Did plaintiff do anything wrong? Even if he did not, the police could still have probable cause, or at least qualified immunity. That's how Kass loses the case. On the Obstructing Governmental Administration charge, the police were performing an official function because they were trying to regulate pedestrian traffic in the heart of downtown shortly before 5:00 pm. While Kass was on the sidewalk, a traditional public forum, that is not enough for him to win the case, as the government has an interest in keeping public spaces free of congestion and the officers told him he could continue speaking with the protesters inside the park. Since Kass refused the officers' repeated officers to move along, he interfered with an official function, and the officers could reasonably believe that Kass intended to interfere with their lawful efforts. So that takes care of the Obstructing claim.
Kass also loses on the false arrest claim arising from the disorderly conduct charge. The officers reasonably thought he was congregating with others in a public space, he refused a lawful order to disperse and officers could reasonably disagree about whether his behavior recklessly created a risk of causing public inconvenience, annoyance or alarm.

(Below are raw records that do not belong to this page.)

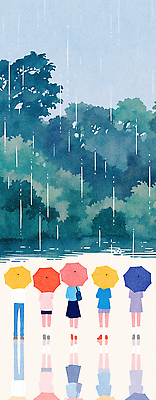 JPG 나무 행복 컬러 일러스트 우산 자연 날씨 수영장 사랑 풍경 소녀 취미 여름 친구 시간 비 소중 즐거움 우비 일과 국내일러스트 AI일러스트 AI콘텐츠 자연요소 식물 옷 계절 여자 감정 어린이 컨셉 관계 생태계 파일형식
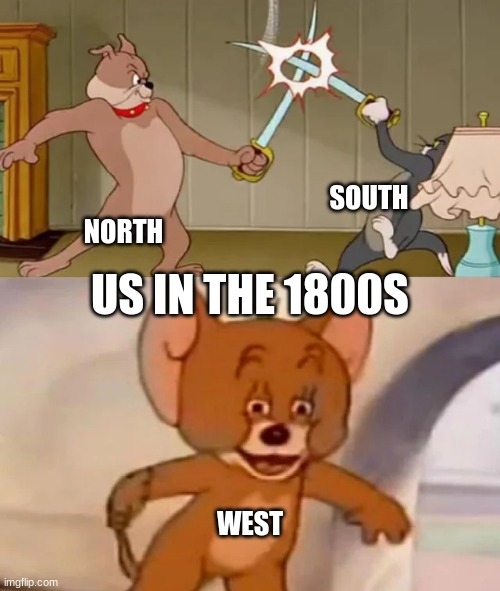 West | SOUTH; NORTH; US IN THE 1800S; WEST | image tagged in tom and spike fighting | made w/ Imgflip meme maker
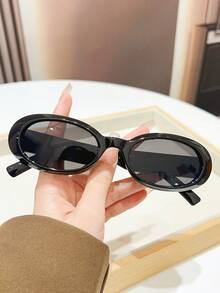 1pc Vintage Oval Frame Fashion Glasses For Women, Multiple Colors, INS Influencer Style, Eyewear For Streetwear, Outfit & Photo, Decorative Accessory - Multicolor - View 15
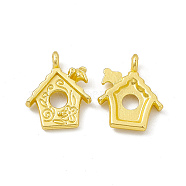 Rack Plating Alloy Pendants, Cadmium Free & Lead Free & Nickle Free, House Charms, Matte Gold Color, 17.5x13.5x2.8mm, Hole: 2.2mm(FIND-G045-42MG)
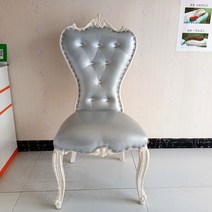 꽃그림 엔틱 원목 우드 식탁의자 고급 럭셔리 가죽 카페 체어 푹신한, BJ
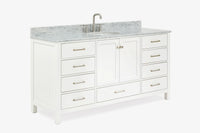 Ariel Cambridge (66" & 67") in single oval sink vanity with marble countertop (0.75" & 1.5").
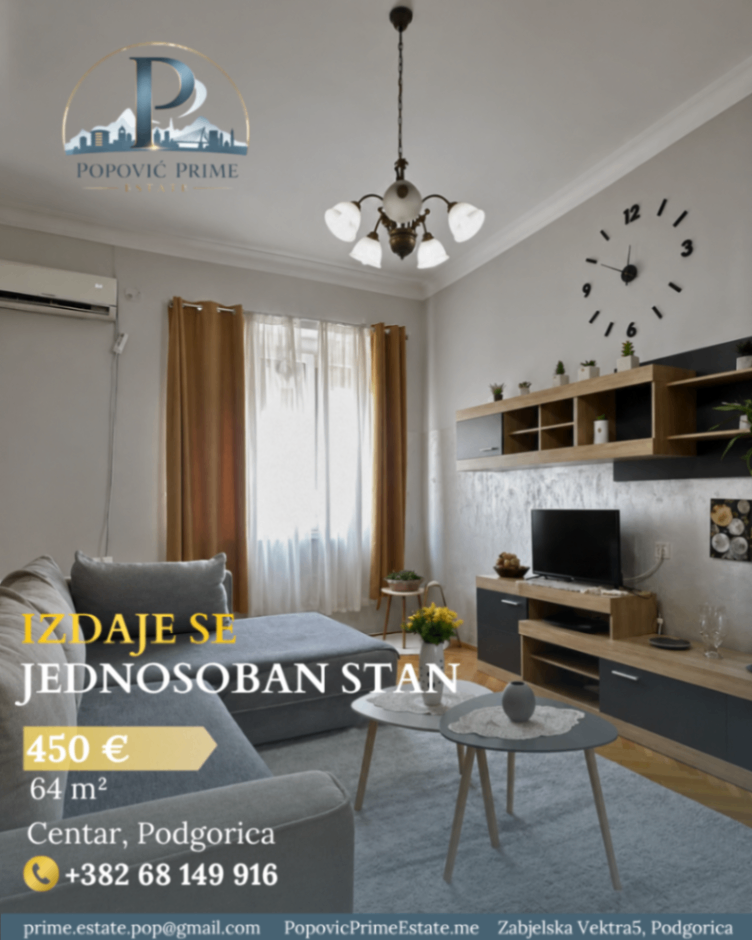 Izdavanje - Stan Podgorica, Centar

What does it all mean? What looks like relatively innocent behavior by Kass was enough to justify his arrest. We do not have free speech/association absolutism under the First Amendment. The police have many defenses in these cases, including qualified immunity, which gives them the benefit of the doubt. If Kass was just an establishment lawyer strolling along to see what the protesters were up to, it is likely this case has turned him into an antiestablishment guy as well. No one likes to be arrested without a good reason.